## MATERIAL PROVIDED
---*---
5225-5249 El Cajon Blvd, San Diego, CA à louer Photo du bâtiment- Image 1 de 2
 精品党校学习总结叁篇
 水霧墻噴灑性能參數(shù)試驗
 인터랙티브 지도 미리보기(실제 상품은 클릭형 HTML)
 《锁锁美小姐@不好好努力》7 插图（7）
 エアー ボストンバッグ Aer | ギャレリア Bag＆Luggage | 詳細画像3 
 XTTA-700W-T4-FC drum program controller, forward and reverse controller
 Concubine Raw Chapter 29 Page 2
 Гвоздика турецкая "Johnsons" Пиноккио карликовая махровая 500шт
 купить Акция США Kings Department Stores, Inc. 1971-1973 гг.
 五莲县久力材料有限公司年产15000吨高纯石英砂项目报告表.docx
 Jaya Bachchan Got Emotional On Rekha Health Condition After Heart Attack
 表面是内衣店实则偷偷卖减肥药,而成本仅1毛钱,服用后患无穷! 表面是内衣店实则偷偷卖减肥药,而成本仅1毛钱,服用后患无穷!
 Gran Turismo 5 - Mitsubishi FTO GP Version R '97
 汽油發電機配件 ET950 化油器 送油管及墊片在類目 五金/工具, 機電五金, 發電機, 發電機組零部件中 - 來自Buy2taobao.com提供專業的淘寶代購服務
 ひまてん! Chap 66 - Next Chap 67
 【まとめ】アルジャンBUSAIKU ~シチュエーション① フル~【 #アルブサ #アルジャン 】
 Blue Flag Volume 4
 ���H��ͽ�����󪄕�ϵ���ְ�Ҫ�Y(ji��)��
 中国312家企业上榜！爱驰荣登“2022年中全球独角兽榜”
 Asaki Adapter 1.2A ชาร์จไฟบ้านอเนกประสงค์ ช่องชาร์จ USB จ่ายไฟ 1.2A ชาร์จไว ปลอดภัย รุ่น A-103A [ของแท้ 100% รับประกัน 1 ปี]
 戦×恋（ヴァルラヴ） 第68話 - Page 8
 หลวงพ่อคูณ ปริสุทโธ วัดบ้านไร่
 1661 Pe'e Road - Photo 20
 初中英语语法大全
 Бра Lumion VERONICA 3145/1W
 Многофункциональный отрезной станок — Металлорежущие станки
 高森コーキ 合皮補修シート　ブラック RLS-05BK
---*---
The required answer is each line of the entries containing the string "Photo".

5225-5249 El Cajon Blvd, San Diego, CA à louer Photo du bâtiment- Image 1 de 2
 1661 Pe'e Road - Photo 20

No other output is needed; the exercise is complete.